Source: Andrei G, et al. Topical tenofovir, a microbicide effective against HIV, inhibits herpes simplex virus-2 replication. Cell Host & Microbe 2011;10:379–389.
Hepatitis C Virus Infection
All-Oral HCV Drug Regimen a Possibility?
A recent article in Nature Biotechnology (Garber K. Hepatitis C: move over interferon 2011;29:963–966) explores the opportunities and challenges facing the goal of developing an all-oral combination antiviral regimen that is able to achieve a sustained virologic response (SVR) in patients with hepatitis C virus (HCV) infection without the need for interferon-α and its debilitating side effects. FDA approval earlier this year of two direct-acting antiviral agents—telaprevir (Incivek, Vertex Pharmaceuticals) and boceprevir (Victrelis, Merck) combined with promising results from a phase 2a trial to two direct-acting antivirals from Bristol-Myers Squibb, have contributed to the promise of effective non-interferon-α containing regimens.

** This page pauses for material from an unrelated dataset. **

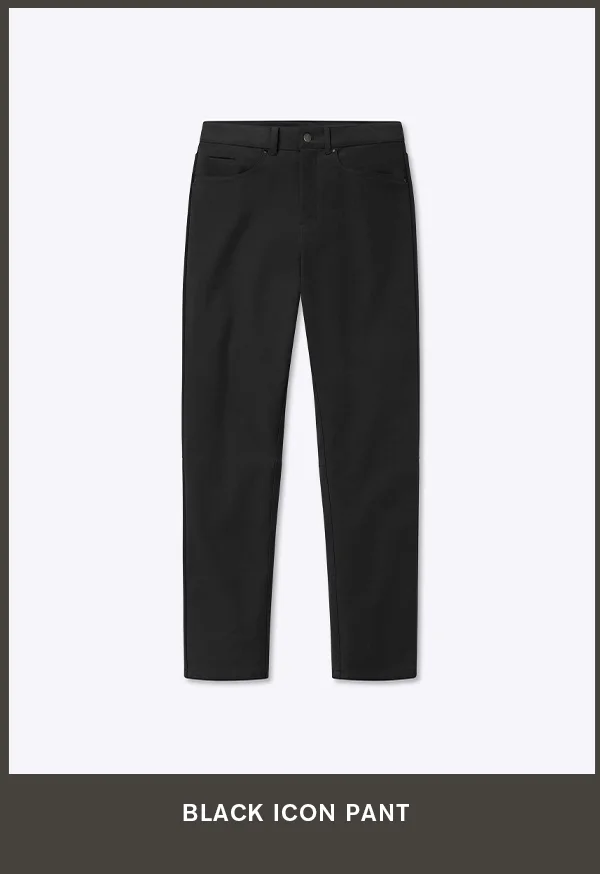 Icon Pant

The author points to disadvantages of the two newly approved antivirals, including the need for interferon-α as part of a combined regimen, the side effects caused by telaprevir and boceprevir, and the fact that both drugs are only effective in patients with genotype 1 HCV and not the remaining 35% or so of HCV-infected patients. Looking forward, much hope still rides on—and much research is still needed to make possible—an “all-in-one combination pill that's taken once daily for three months and cures 90% of patients.”